4. The Year 500 Billion – This snarls and roars like a caged beast. There are brutal (but deft) rhythms, wildly spinning odd meter Crimson-like riffs and then a beautiful section where the guitar loops a behind the beat chordal phrase over the driving bass and wild drums. The drums are a delight here: full-on, incredibly intense but always fluid and ever evolving.

Ten and a half minutes gone and four songs in! Phew! This is exhausting.

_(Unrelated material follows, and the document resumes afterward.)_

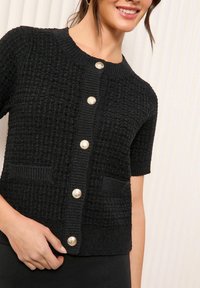 Melna adīta jaka ar īsām piedurknēm, kurai ir strukturēts audums, noapaļota dekoltē un zeltainas pogas, kā arī divas priekšējās kabatas.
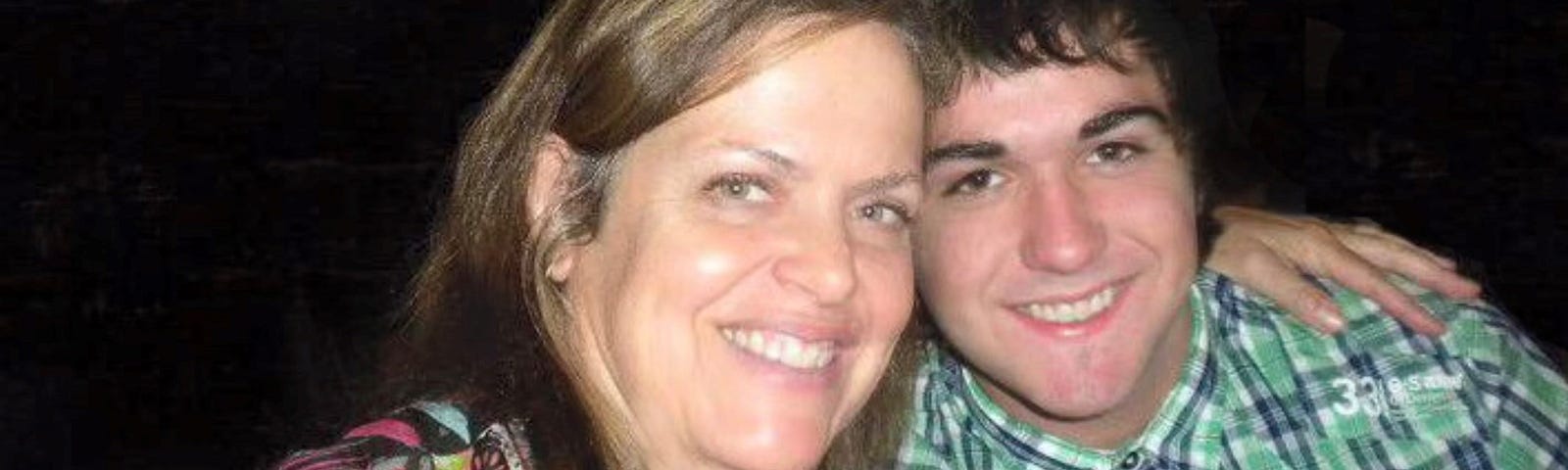 Photo of an attractive woman mid 30s to 40 with her 18-year-old son, who has dark hair and dark eyes.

5. Transfiguration of Man into Beast – At 4:40, the longest tune so far. Like all the tunes, it explodes into action with thundering odd-meter riffs and convoluted unison lines and as always it is played with joy. Unexpectedly the tune then develops into a lovely Ornette influenced post-bop jazz groove. The bass walks and the drums are restrained and inventive. At times the bass snarls and threatens to turn the tune into something else but then turns back to walking like a dangerous dog on a leash. Millevoi plays a splendid solo which is an abstract joy. He toys with motifs and rhythm figures and builds well. I’m reminded of Sharrock (obviously) but also Nels Cline, Raoul Bjorkenheim and Bern Nix. You can hear how much these guys are enjoying this. Lagomasino on drums uses dynamics wonderfully on this tune which one for jazz people to check out first. Another shockingly sudden ending though.

6. It was the Medicine – If the last track was closest to the jazz this one rocks out. It has a great Sonic Youth style single note guitar clarion call and is propelled along by a driving backbeat and riffing bass. Fun tune.

7. Jungle Cats (Zilla) – The longest track and, for me, their masterpiece. A sinewy, serpentine unison line briefly hints at metal before developing into an epic duet between Millevoi and Lagomasino. DeBlase lays out and wonderful, freeform, feedback drenched guitar-drum interplay takes the music into the stratosphere. This is a soloist/drummer duet performance of comparable intensity with Hendrix/Mitchell and Coltrane/Jones. It’s a powerful, riveting performance.

8. A Vision of the Past, A Vision of the Future – OK, by now, you’re thinking that maybe there is a sameness to many of the tunes and then this one comes on. It starts as spiky, ferocious and wild as the others but some sections have a more expansive, calmer mood. It’s a track that goes through many prog-like changes and developments but it works well as piece and shows a different side to the band.

This is a record where bass does not take centre stage. The guitar and drums take the spotlight but John deBlase does a splendid job in the engine room. He is clearly not ego driven; at times he takes self effacing role even to the extent of laying out for large sections of their best tune; but he makes the right thing for this band with his choice of tones, driving supportive playing and rhythmic vitality. He plays short punkish ‘anti-solos’ but spends the whole record driving the band’s momentum forward.

So, overall, an exciting record which documents a band who clearly love what they do. It has an engaging sense of freedom and fearless spirit of adventure. All the tracks start very similarly but they each develop in a unique way. This is definitely a band to keep an ear on whether you like noisy, abstract jazz or adventurous, punkish, instrumental rock.

Nick Millevoi – guitar
John DeBlase – bass
Ricardo Lagomasino – drums

Palabras Malas is available from CDBaby.